How Intersectionality Can Help Us Understand Women and Racial Minorities Supporting Donald Trump

People are complicated, and can’t be defined by a single label.

By Paige Miller

(Photo: Isaac Brekken/Getty Images)

In a recent poll of registered voters by Pew Research Center, 30 percent of women, 26 percent of people of Hispanic descent, and 2 percent of black people say they’re planning to vote for Donald Trump. In fact, polls consistently find that women and racial minorities favor Hillary Clinton. So, what do we make of the statistics-defying members of those groups who support Trump?

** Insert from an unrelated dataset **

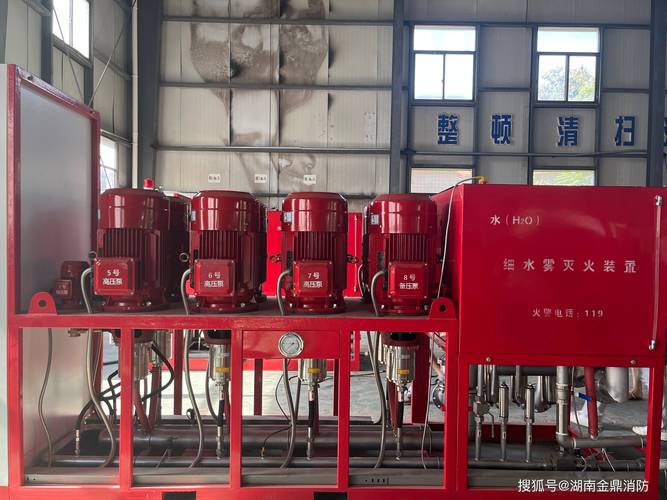 日照機床滅火系統維修電話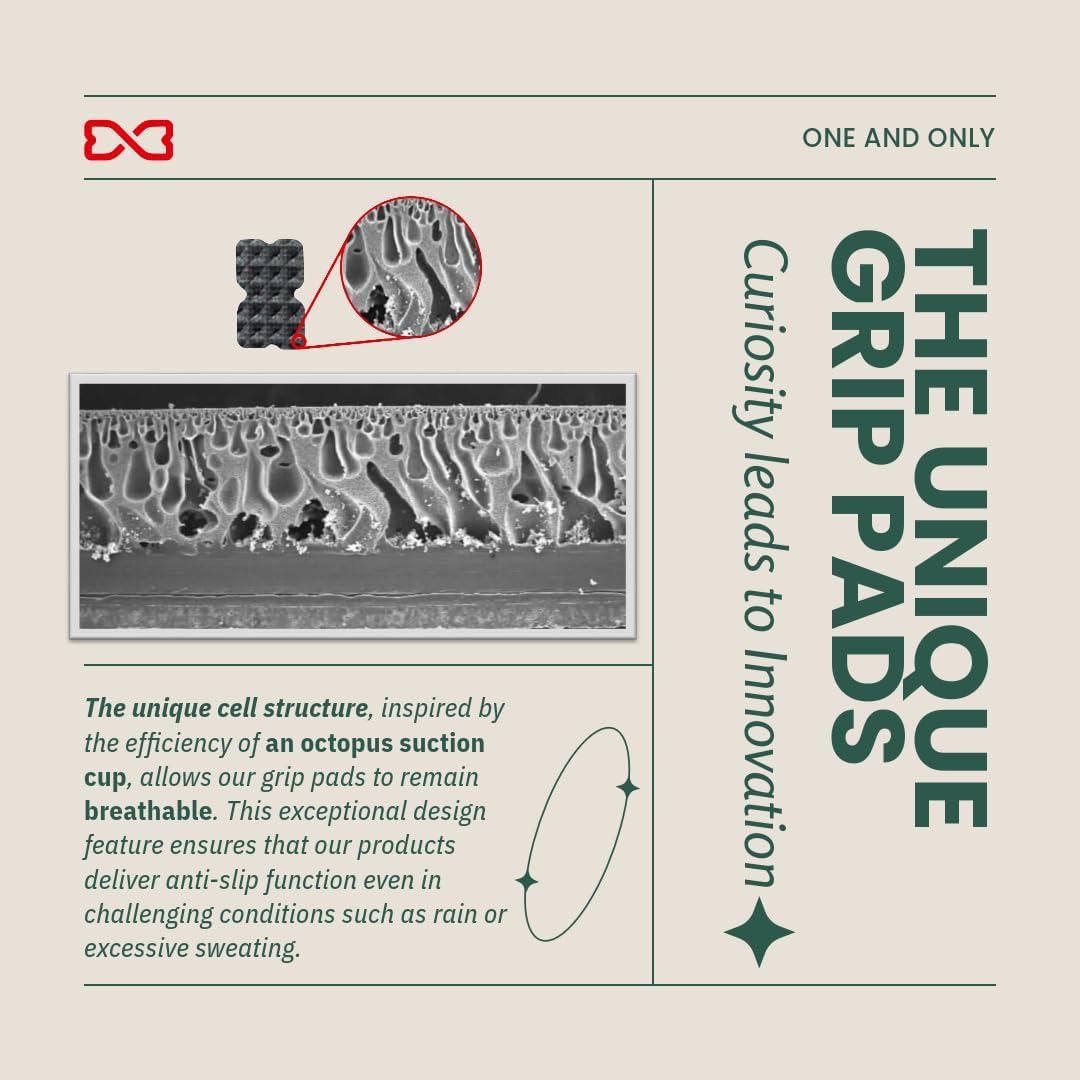 WE FOOT Dual Grip PLUS Crew Sports Socks Anti-Slip Socks for Men Women Soccer Football Futsal Basketball Tennis - Image 4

For many, this fact is source of cognitive dissonance, that uncomfortable feeling of knowingly holding irreconcilable beliefs. How could women, racial minorities, and especially minorities who are women, support a man who so persistently insults and attacks them? The discomfort of dissonance has led some to look for answers, with a few coming to the conclusion that supporting Trump is equivalent to betrayal — an identity-voiding decision (“You’re not true Mexican”) — and that women and racial minorities who support Trump are “hypocritical” and “ought to be ashamed.”

This sense of cognitive dissonance though, the idea that it’s “strange” for women or racial minorities to support Trump, is based on identity politics. Such politics has its strengths, but it also risks reducing complex social beings into one-dimensional labels, with the assumption that the label is the most important thing about them. In this case, critics of women and racial minorities for Trump find their support of him to be more incomprehensible than that of others, based on identity alone. Thus, the individual blurs into a monolithic group, where each person is expected to be politically identical to the whole, thereby setting up the case for Trump support to be framed as a betrayal.

In fact, people are complex. They carry many intersecting identities at once, sometimes ones with conflicting politics attached, as well as a suite of other personal characteristics and structural situations. People make political choices that seem to contradict some of their identities not because they’re hypocrites, but because most people are themselves a whole host of contradictions. Reality is never so clear cut and finite as a singular label, nor are humans so easily generalized.

Given these realities, the poll numbers with which I began this post make some sense. Trump has insulted and degraded women and minorities, and he has made policy promises that threaten them too. Based on these facts, it should be no surprise that he is losing large swaths of those groups to Clinton. But, given the complexity of identity, it should also be no surprise that he isn’t losing all of them. People are complicated, and politics is as well.